= Yokozawa Shōgen =

Christian Japanese samurai of the sixteenth century

Yokozawa Shōgen (横沢将監) was a Japanese samurai of the sixteenth century, who served Date Masamune, ruler of the Sendai domain.

In September 1616, under an order by Date Masamune, Yokozawa went to Mexico on the San Juan Bautista in order to fetch his compatriot Hasekura Rokuemon who was coming back from an embassy to Europe.

His trip proved difficult, and around one hundred men on the ship died en route.

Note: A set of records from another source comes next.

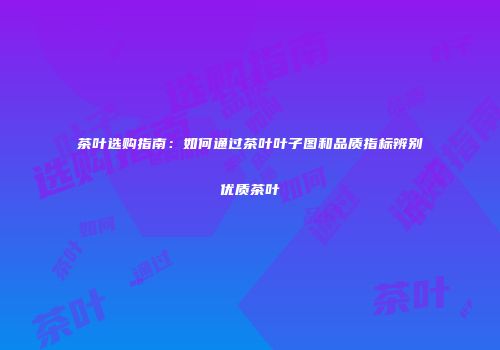茶叶选购指南：如何通过茶叶叶子图和品质指标辨别优质茶叶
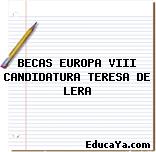 BECAS EUROPA VIII CANDIDATURA TERESA DE LERA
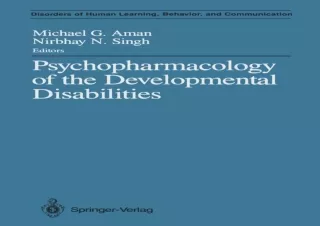 [PDF] DOWNLOAD Psychopharmacology of the Developmental Disabilities (Disorders of Human Learning, Behavior, and Communic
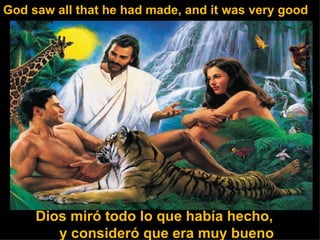 God saw all that he had made, and it was very good Dios miró todo lo que había hecho,        y consideró que era muy bueno 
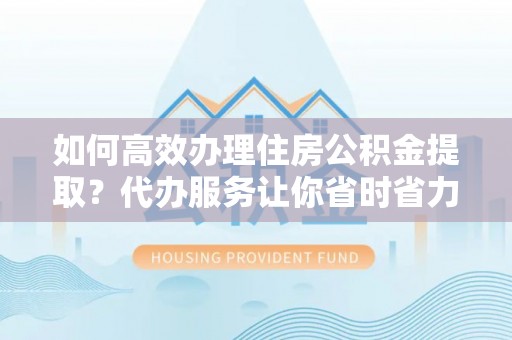 国姓如何高效办理住房公积金提取？代办服务让你省时省力
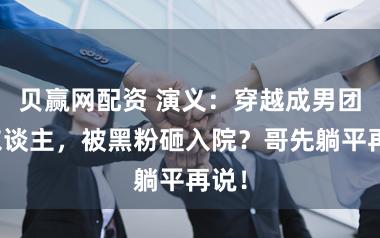 贝赢网配资 演义:穿越成男团新东谈主,被黑粉砸入院?哥先躺平再说!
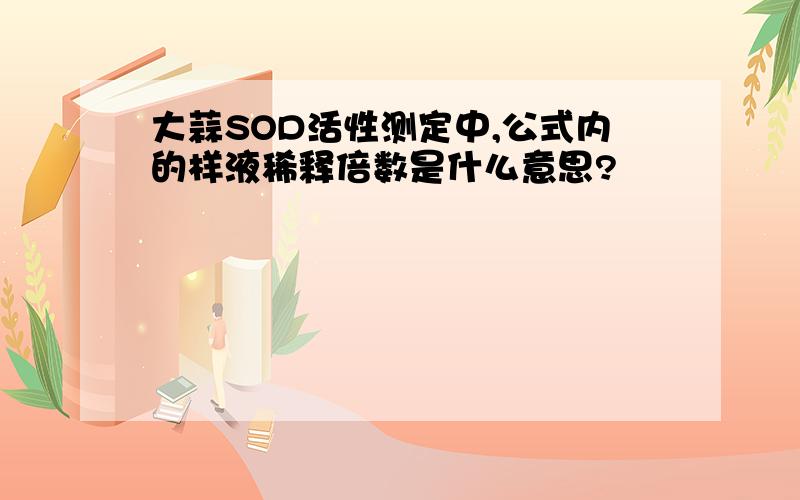 大蒜SOD活性测定中,公式内的样液稀释倍数是什么意思?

He arrived in Acapulco in May 1617. He remitted a letter and some merchandise from Date Masamune, and was baptized, receiving the name of Don Alonzo Hacaldo.

The ship sailed in April 1618 for a fourth trans-Pacific travel, and arrived in the Philippines, where she was bought by the local Spanish government in order to "reinforce defenses against Holland forces by all means possible". Luis Sotelo chose to remain in the Philippines due to the worsening anti-Christian situation in Japan, but Yokozawa Shogen managed to leave for Japan together with Hasekura Rokuemon on a trade ship in August 1620.

After his arrival in Japan, Yokozawa is recorded to have renounced the Christian faith and burnt all his Christian-related belongings.

In 1621 however, Yokozawa Shogen is known to have signed a letter to the Pope together with seventeen other Christians from Northern Japan. His name comes in second place after Goto Juan (後藤寿庵).

Neither the later life of Yokozawa, or his grave's location, are known.